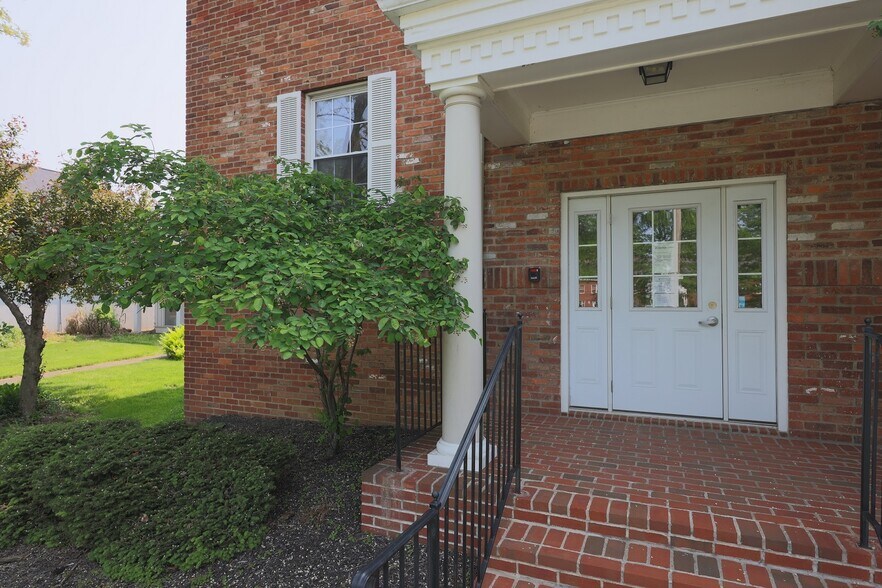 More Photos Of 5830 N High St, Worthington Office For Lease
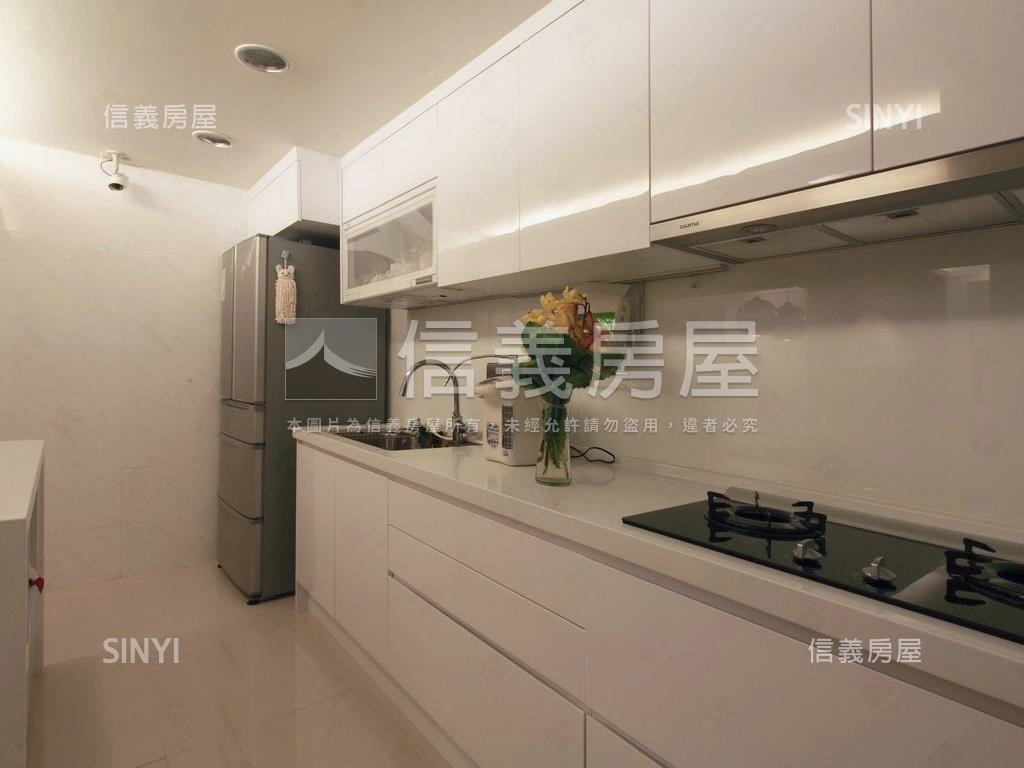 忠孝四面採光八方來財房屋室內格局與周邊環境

....

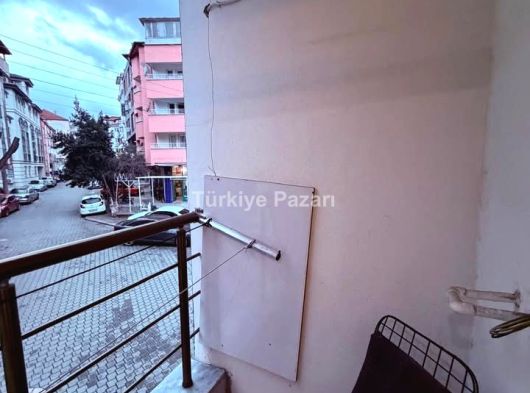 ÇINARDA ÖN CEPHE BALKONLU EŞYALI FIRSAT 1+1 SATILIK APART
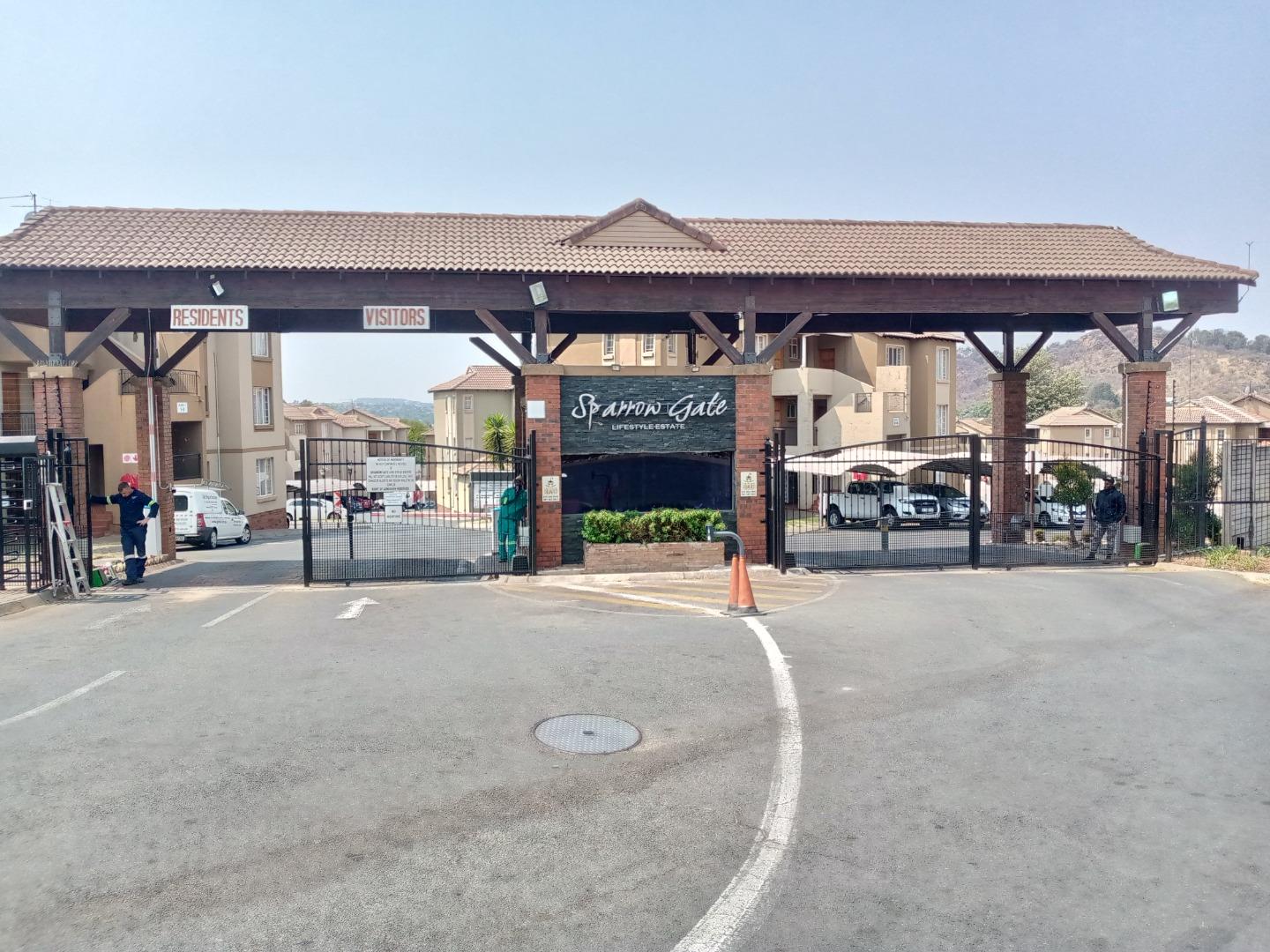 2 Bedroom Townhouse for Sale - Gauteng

....

EXERCISE DESCRIPTION =
In the listing above, find the line containing "More Photos Of" and the line containing "忠孝四面採光八方來財房屋室內格局與周邊環境", then output those two lines and everything between them exactly as written, without the images.

OUTPUT FOR THIS TASK =
 More Photos Of 5830 N High St, Worthington Office For Lease
 忠孝四面採光八方來財房屋室內格局與周邊環境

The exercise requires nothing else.